I already posted this month, and my reflection on this giant waiting room we’re in together still stands, but because it is the last day of the year, of THIS year, this interminable year, I want to leave you with one more reflection.

 That the hardest of lessons we each experienced this year have real meaning for us now and forever. 

 It began for me on that bicycle I got back in April or May. It took awhile, but dawned on me that this bike, which is a one speed, simple, straightforward bike, was much like what I had as a youth. Moreover, that I was riding it as I did as a youth: I took the girls to the one flat cul de sac in the neighborhood and rode round and round and round it, over and over, to the point they got sick of it, the sheer repetition. 

 I, somehow, did not. 

 And this is where my realization began: that something from my youth had prepared me for the mundane, exceedingly boring, soul-killing repetition, the groundhog day effect of 2020. That I was made for this, I joked with friends online. My parents never let us beyond our block (at least, not until my father got himself a bike to ride with us), and we (my cousins, siblings and I) contented ourselves with the limitations of that space, managing fun and fulfillment from it. I did hate it, mind you—I hated all the restrictions. Unlike most of you reading this, I could not go out with my friends, and when I finally did, could not stay out any reasonable amount of time. I did not have the freedom to go places and do things like various of my friends did, and even as a teen not without serious supervision. It was a practice and discipline that made me who I am, for better or worse—I still sometimes have to give myself permission to do things. Something about this extended restriction most assuredly has given me the space right now to be content as is but at the same time realize what freedoms I have even within and definitely beyond this space I’m in. I can see this—and that’s the lesson, the main take away for me, at the end of this insane year. 

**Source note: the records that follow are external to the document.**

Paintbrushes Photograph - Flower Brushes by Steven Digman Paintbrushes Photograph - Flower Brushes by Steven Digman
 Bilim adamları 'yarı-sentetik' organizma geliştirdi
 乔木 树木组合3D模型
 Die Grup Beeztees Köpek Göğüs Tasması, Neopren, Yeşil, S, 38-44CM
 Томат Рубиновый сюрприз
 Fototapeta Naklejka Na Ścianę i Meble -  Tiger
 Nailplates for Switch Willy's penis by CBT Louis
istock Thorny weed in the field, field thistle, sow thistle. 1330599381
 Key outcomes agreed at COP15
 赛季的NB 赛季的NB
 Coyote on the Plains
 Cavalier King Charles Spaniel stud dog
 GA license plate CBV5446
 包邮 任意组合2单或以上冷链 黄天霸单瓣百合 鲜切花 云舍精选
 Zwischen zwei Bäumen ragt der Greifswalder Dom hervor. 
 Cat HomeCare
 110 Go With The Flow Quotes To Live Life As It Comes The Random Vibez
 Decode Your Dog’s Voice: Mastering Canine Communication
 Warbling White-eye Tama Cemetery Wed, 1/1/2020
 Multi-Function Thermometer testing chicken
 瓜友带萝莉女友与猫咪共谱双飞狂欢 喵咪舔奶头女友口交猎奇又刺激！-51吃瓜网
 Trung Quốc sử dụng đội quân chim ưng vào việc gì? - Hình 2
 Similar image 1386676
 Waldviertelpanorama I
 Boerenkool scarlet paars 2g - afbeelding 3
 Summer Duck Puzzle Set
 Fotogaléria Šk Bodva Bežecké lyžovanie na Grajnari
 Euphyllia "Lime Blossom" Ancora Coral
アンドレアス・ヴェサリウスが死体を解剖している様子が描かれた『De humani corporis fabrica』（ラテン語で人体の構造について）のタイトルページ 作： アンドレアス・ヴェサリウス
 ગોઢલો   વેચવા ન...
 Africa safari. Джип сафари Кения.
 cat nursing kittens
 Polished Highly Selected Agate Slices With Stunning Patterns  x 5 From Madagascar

 As the new year begins my wish for you is to see your limitations as they are, and perhaps just beyond them, into the new space being created for you even as you might curse the problems of now. Let’s look forward together in hope for that vision.

Saturday, December 5, 2020

Incarnation

 

The Incarnation. 
A state of mind, a constant celebration. I think of those who want the trees and lights immediately as not being too far off the mark after all, as the presence of God *is* in fact here, and the Advent meditation on Incarnation is more about our wonder that God should choose to come among us, that he would meet us where we are in this complete and total way. 

Fully present and here among us, if we would just be instruments for God’s peace and love. 

The real focus comes in the whisper of *trust me* from our Creator. Every bit of the language of Isaiah, and the gospel of Mark and Matthew, shows us the light present in the darkness, shows us the impossibility of ne’re-do-wells and sinners as much as saints paving the way for this birth. The need to prepare a way. To make straight God’s path. We’re called into it, into the Incarnation, to become a part of the mystery. To dreams the dreams of Joseph and see as Mary sees, and to say yes to the invitation to be present. 

 In this pandemic it feels as though we’ve all joined some giant waiting room together. Some in the waiting room are more willing than others to see things as they are—as God sees. Some can see or be the angels necessary to straighten the path. I’m practicing daily being here now with you, and to allow my yes to help change the world, each moment of each day.